Earthside release new music video for ‘All We Knew and Ever Loved’
EARTHSIDE have released a new music video!
The new music video, for the track All We Knew and Ever Loved, is the brand new single from the cinematic rock band and is their first new music for six years.
The new song from EARTHSIDE features a guest appearance from LEPROUS drummer Baard Kolstad and the song’s accompanying stunning animated video was directed by Maxime Tiberghien & Sylvain Favre, renown for GOJIRA‘s Another World music video.

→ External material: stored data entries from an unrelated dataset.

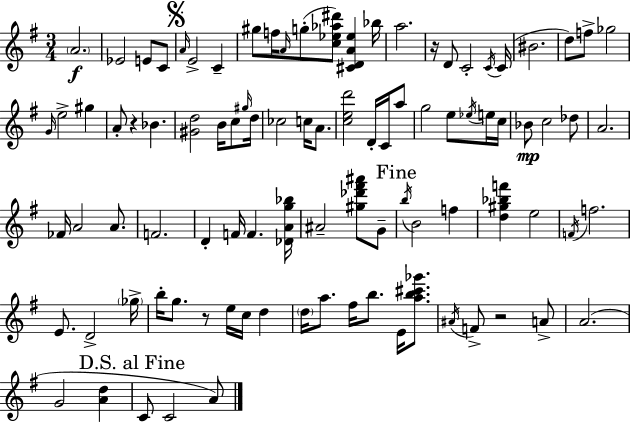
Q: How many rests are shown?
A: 4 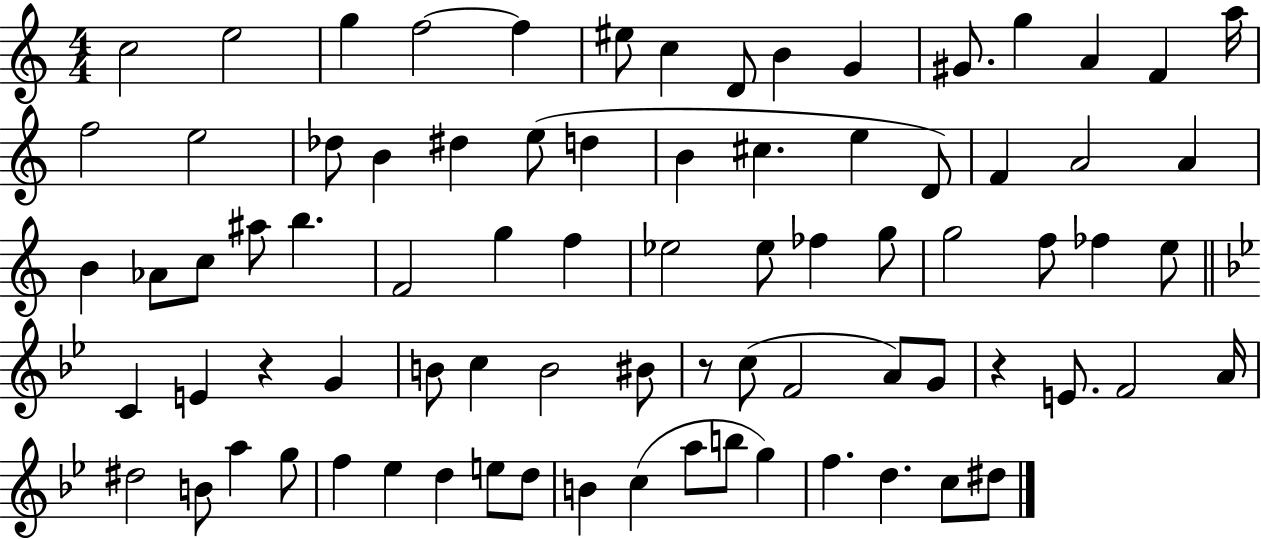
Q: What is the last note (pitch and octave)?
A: D#5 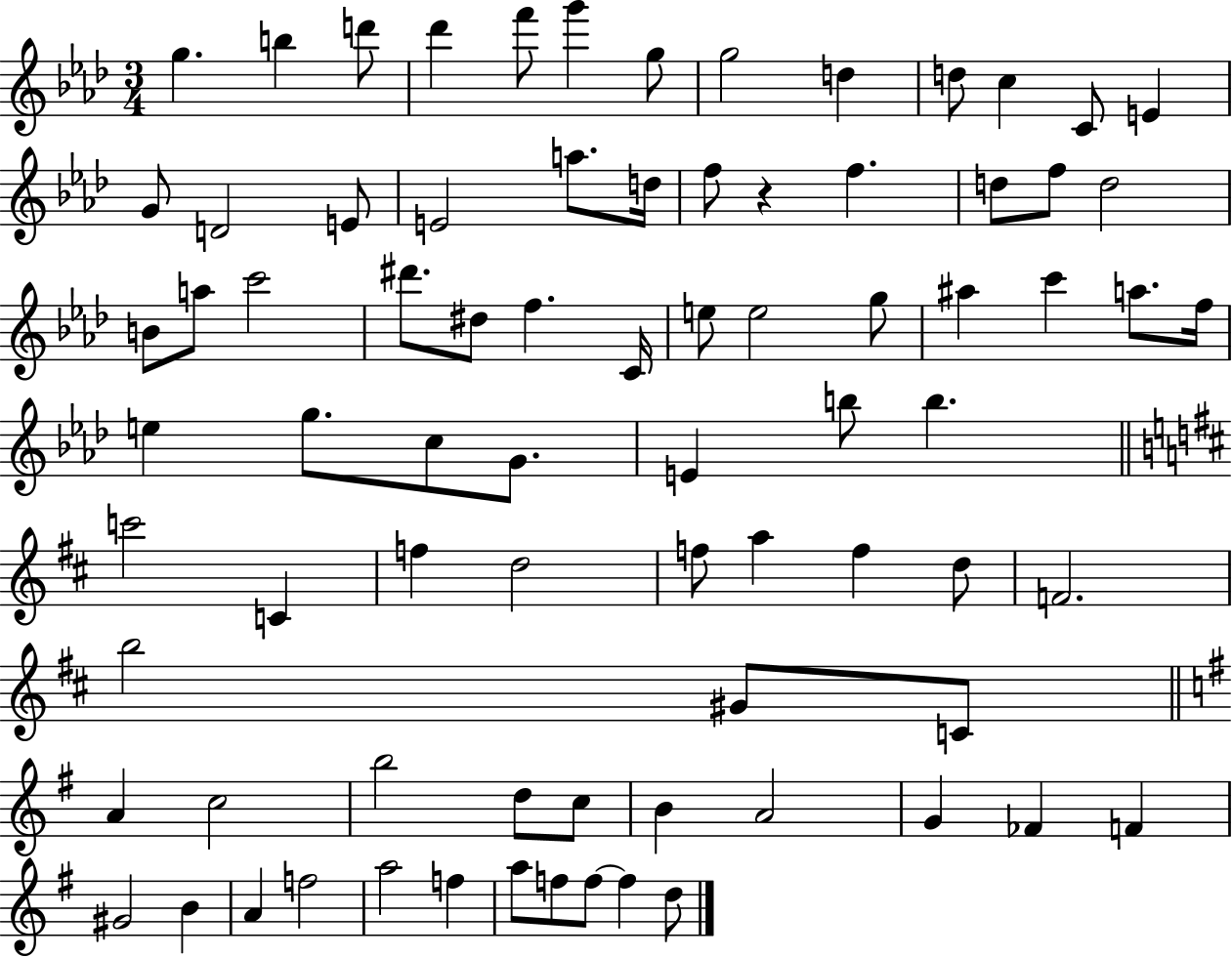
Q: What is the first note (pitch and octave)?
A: G5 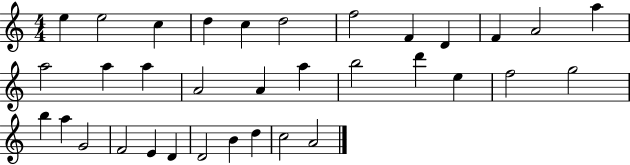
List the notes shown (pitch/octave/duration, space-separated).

“Humans are the only beings that knowingly destroy themselves,” keyboardist and the piece’s composer Frank Sacramone says. “Animals don’t have a developed consciousness like we do, or a sense of right or wrong, but All We Knew and Ever Loved will be gone as we keep perpetuating the same poor decision-making as a species – the same societal structures, economic norms, same use of power. Day by day, we’re beginning to see very real consequences to these willful abuses on a scale we don’t fully comprehend.”
Watch the official animated music video for All We Knew and Ever Loved here:
Through the positively apocalyptic sounds of one of the largest pipe organs in the world (recorded at the First Congregational Church in Los Angeles) and an mix courtesy of Randy Staub, known for mixing METALLICA’s legendary symphonic live album, S&M, the effect intends to be just not merely devastating; but inescapable.
“A piece of art that resonated strongly with us during the writing and recording of both All We Knew and Ever Loved and the new album, was a painting called Duelo a Garrotazos or Fight with Cudgels by the Spanish artist Francisco Goya,” Shanbrom says. “From the time I was exposed to Goya’s Black Paintings – a series of extremely dark meditations on human nature – I’ve been obsessed with them, and the uncanny message of Duelo felt immediately timely and haunting in its relevance to the current day.”
The scene which Shanbrom references depicts two men swinging at each other with full abandon as a far more threatening force, the surrounding quicksand, slowly consumes their lower bodies. “This vindictive pettiness that we see all around us in our politics, our arguments, and daily interactions is something universal and terrifying in human nature, and as Frank was composing this song, I was wondering if there was a way we could represent that complex and poignant scene in the actual music. Through a very special collaboration, I think we did it.”